What to work on> List all lines of the data that include the string "traços".

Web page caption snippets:
####################

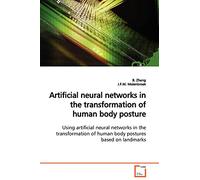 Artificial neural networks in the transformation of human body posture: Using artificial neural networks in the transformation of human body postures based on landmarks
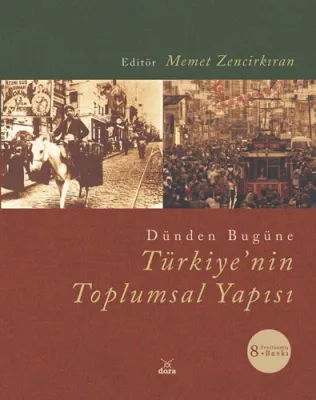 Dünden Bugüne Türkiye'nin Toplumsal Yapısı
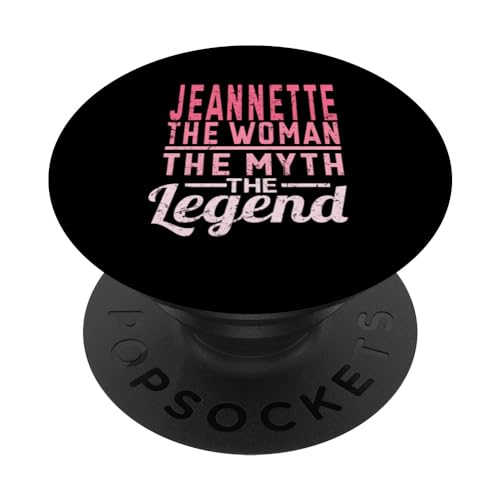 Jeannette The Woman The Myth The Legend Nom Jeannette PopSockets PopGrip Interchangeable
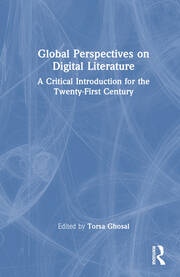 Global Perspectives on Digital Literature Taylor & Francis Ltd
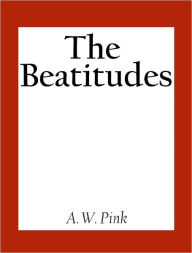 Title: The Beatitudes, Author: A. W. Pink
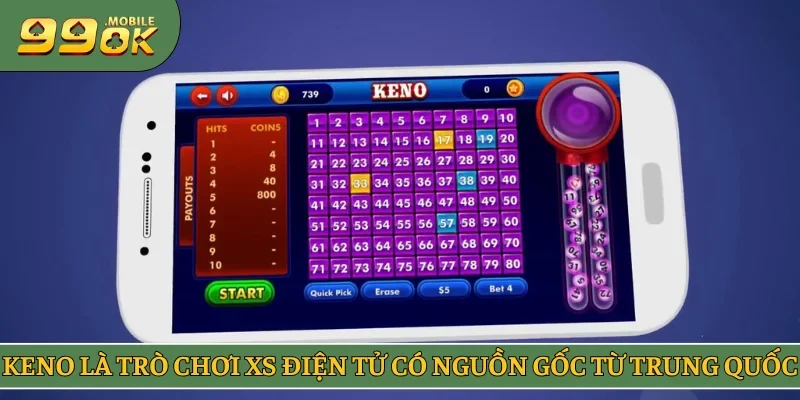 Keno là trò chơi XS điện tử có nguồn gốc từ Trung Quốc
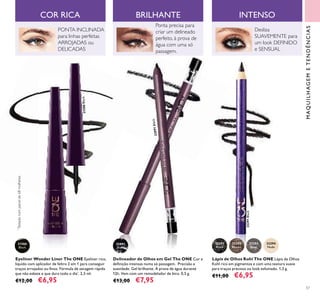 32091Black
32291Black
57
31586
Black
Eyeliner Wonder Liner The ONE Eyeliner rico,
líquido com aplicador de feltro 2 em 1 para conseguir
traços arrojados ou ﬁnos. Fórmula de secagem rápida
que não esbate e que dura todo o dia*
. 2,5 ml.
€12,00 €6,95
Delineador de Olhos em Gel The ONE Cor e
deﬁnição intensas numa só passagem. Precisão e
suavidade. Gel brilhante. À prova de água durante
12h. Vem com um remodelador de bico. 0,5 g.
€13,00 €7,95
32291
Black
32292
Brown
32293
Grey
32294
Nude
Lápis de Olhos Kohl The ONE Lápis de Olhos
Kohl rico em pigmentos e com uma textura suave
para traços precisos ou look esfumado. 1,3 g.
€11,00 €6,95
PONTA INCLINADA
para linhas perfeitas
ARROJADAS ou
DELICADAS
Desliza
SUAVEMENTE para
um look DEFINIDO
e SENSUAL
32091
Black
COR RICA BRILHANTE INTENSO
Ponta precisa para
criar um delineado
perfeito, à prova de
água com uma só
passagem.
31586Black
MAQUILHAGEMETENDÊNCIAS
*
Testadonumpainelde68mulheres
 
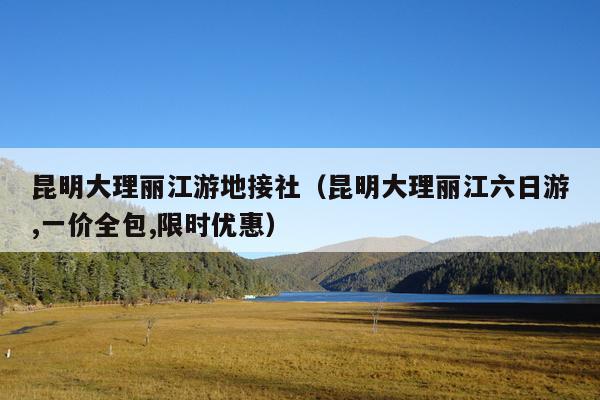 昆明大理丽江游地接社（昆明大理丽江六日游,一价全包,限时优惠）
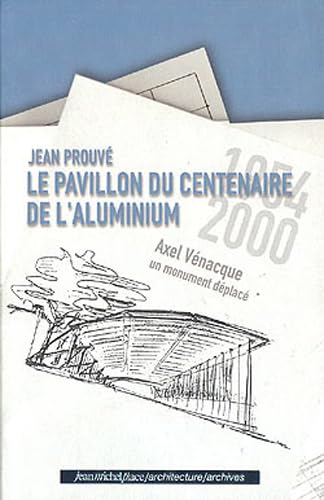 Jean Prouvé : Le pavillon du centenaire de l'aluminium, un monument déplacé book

####################

Written response>
traços arrojados ou ﬁnos. Fórmula de secagem rápida
para traços precisos ou look esfumado. 1,3 g.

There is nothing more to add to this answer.